There are several mechanisms by which obesity could cause either respiratory symptoms or more fundamental changes in the airways leading to asthma. In obese people symptoms of breathlessness and wheeze may be due to increased work of breathing.6 Alternatively, obesity may have a direct effect on the mechanical behaviour of the respiratory system by altering lung volume, airway calibre, or respiratory muscle strength.7 8 In obese subjects functional residual capacity (FRC) is reduced by approximately 500 ml.9 Changes in lung volume of this magnitude induced by voluntarily breathing below FRC and changes in posture have been shown to increase airway responsiveness in normal subjects.10 11
On the other hand, factors associated with asthma could lead to an increase in obesity. Inactivity or inability to exercise in asthmatic subjects or those with atopy could cause weight gain.5Medication required for treatment of severe asthma such as oral steroids may cause weight gain, which may cause asthmatic patients to become obese or to worsen pre-existing obesity.
In this paper we report an analysis of cross sectional data in a large population of white Australian adults. The aim of this analysis was to determine if obesity, as measured by body mass index (BMI), is associated firstly with an increase in the prevalence of wheeze, diagnosed asthma, or medication use for asthma and, secondly, with a reduction in lung function or an increase in the prevalence of atopy or airway responsiveness to histamine.

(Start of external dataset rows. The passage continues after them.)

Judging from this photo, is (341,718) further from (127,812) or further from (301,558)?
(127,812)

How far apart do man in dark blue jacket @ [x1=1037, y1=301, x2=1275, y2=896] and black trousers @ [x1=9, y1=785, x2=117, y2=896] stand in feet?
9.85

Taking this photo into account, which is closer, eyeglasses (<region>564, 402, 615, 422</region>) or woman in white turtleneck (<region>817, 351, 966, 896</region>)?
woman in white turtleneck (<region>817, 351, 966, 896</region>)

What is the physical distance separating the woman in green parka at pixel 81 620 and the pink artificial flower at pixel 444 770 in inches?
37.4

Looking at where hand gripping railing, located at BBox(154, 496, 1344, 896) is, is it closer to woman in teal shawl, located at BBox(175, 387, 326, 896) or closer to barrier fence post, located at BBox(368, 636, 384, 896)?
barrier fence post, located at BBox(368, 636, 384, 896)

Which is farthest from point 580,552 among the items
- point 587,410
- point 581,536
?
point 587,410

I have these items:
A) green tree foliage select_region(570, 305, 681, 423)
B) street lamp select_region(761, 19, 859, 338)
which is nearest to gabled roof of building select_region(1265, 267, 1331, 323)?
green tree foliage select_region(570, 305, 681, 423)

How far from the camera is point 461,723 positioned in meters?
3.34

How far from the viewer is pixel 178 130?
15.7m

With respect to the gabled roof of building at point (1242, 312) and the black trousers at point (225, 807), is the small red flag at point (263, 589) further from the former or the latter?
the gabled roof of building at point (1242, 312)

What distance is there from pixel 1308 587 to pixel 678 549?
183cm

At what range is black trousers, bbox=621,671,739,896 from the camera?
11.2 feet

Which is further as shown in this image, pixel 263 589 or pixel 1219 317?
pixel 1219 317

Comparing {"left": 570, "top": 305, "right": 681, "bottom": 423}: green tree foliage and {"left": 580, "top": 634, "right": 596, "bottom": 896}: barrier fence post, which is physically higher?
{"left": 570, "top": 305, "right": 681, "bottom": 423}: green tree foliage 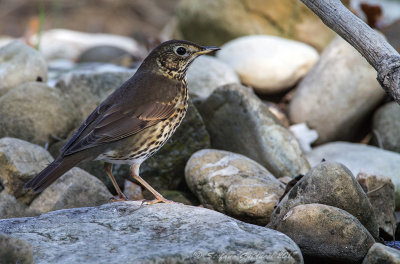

SAMPLES AND SELECTION CRITERIA
Data from three large epidemiological studies conducted in three rural regions of NSW, Australia (Belmont, Lismore, and Wagga Wagga) between 1991–7 were pooled. Details of the population, response rates, and information about non-responders have been published previously.12 13 The same two senior researchers were present at all studies and trained and supervised all other staff involved. A large random group of adults aged 17–73 years was studied. Less than 5% of the sample were non-white and their data were excluded from the analysis. Subjects were included in the current analyses if data available included height, weight, age, and a measure of airway responsiveness. Diagnosis of asthma ever, history of wheeze, smoking history, and family history of asthma had been obtained by a self-administered questionnaire which all subjects completed. The questionnaire was a modified version of the International Union against Tuberculosis (IUATLD) questionnaire.
All of our raw data (questionnaires, lung function tests, and allergy testing) were taken from these three studies and no new interventions were made. The methodology for collecting all of the questionnaire data, lung function, and allergy testing were identical in all three studies.
Recent wheeze was defined as a positive reply to questions on the presence of wheeze in the previous 12 months. Recent asthma was defined as recent wheeze plus a doctor diagnosis of asthma ever.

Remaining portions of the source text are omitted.